Experimental scGPT human-pancreas annotation#

Who this notebook is for#

This notebook is for researchers who want to see the wrapper-first adapt_annotation(...) path on a non-PBMC human dataset.

Prerequisites#

  • Install scdlkit[foundation,tutorials]

  • Be comfortable working with AnnData

  • Expect this workflow to stay experimental in v0.1.7

What you will learn#

  • how to load the cached OpenProblems human-pancreas quickstart subset

  • how to inspect dataset compatibility before adaptation

  • how to run the easiest public annotation path on a beyond-PBMC human dataset

  • how to compare frozen probe and head-only tuning by default, with LoRA kept as an opt-in heavier path

  • how to save and reload the best fitted runner

Out of scope#

  • full-backbone fine-tuning

  • non-human data

  • checkpoints other than whole-human

  • raw OpenProblems preprocessing details

  • perturbation, spatial, or multimodal workflows

Outline#

  1. load the cached pancreas quickstart subset

  2. inspect the dataset card and compatibility report

  3. run the wrapper-first adaptation workflow

  4. annotate AnnData with the best strategy

  5. save and reload the fitted runner

  6. verify prediction consistency and review the output bundle

Expected artifacts#

  • artifacts/scgpt_human_pancreas_annotation/report.md

  • artifacts/scgpt_human_pancreas_annotation/report.csv

  • artifacts/scgpt_human_pancreas_annotation/strategy_metrics.csv

  • artifacts/scgpt_human_pancreas_annotation/best_strategy_confusion_matrix.png

  • artifacts/scgpt_human_pancreas_annotation/frozen_embedding_umap.png

  • artifacts/scgpt_human_pancreas_annotation/best_strategy_embedding_umap.png

  • artifacts/scgpt_human_pancreas_annotation/best_model/manifest.json

  • artifacts/scgpt_human_pancreas_annotation/best_model/model_state.pt

Next step#

  • deeper experimental comparison: docs/guides/annotation-benchmarks.md

  • lower-level control: examples/scgpt_cell_type_annotation.ipynb

  • API pages: docs/api/annotation.md and docs/api/foundation.md

Published tutorial status

This page is a static notebook copy published for documentation review. It is meant to show the exact workflow and outputs from the last recorded run.

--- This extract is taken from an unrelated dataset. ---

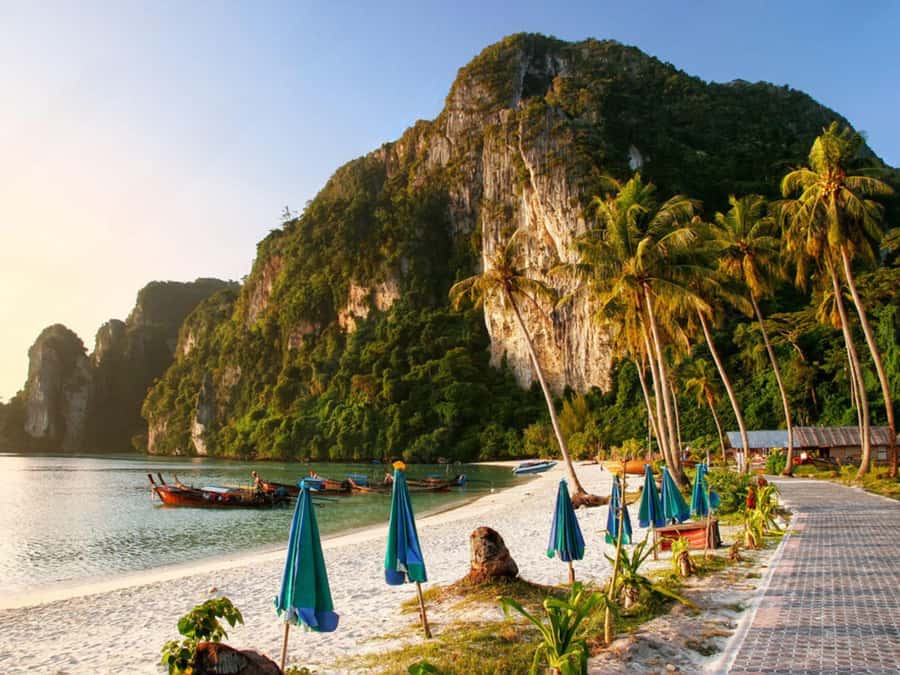 Phuket; Phi Phi, Maya Bay, Bamboo or Khai Island Speedboat - Maya Bay: the iconic stop, with the walking rule you must know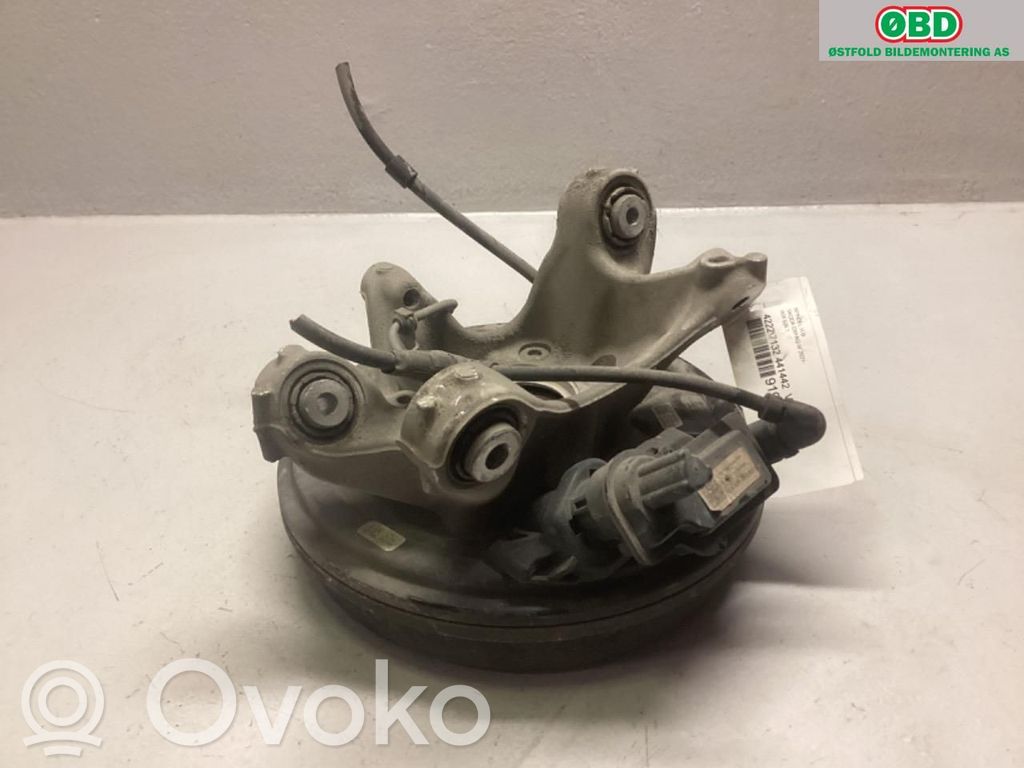 Skoda Enyaq iV Fuso a snodo con mozzo ruota posteriore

  • Last run date (UTC): 2026-03-27 10:18 UTC

  • Publication mode: static executed tutorial

  • Execution profile: published

  • Artifact check in this sync: passed

  • Source notebook: examples/scgpt_human_pancreas_annotation.ipynb

import json
from pathlib import Path

import numpy as np
import pandas as pd
import torch

from scdlkit import (
    AnnotationRunner,
    adapt_annotation,
    inspect_annotation_data,
)
from scdlkit._datasets.openproblems import (
    load_openproblems_pancreas_annotation_dataset,
)

PROFILE = "quickstart"
CONFIGS = {
    "quickstart": {
        "seed": 42,
        "batch_size": 32,
        "strategies": ("frozen_probe", "head"),
    },
    "full": {
        "seed": 42,
        "batch_size": 64,
        "strategies": ("frozen_probe", "head", "lora"),
    },
}
config = CONFIGS[PROFILE]
output_dir = Path("artifacts/scgpt_human_pancreas_annotation")
output_dir.mkdir(parents=True, exist_ok=True)
print(f"Using device: {'cuda' if torch.cuda.is_available() else 'cpu'}")
np.random.seed(config["seed"])
Using device: cpu

Load the cached quickstart pancreas subset#

This tutorial stays on the public wrapper path, but it uses a repo-managed cached subset loader because the raw OpenProblems pancreas file is large. The executed docs notebook uses the deterministic quickstart subset so the public walkthrough stays CPU-practical.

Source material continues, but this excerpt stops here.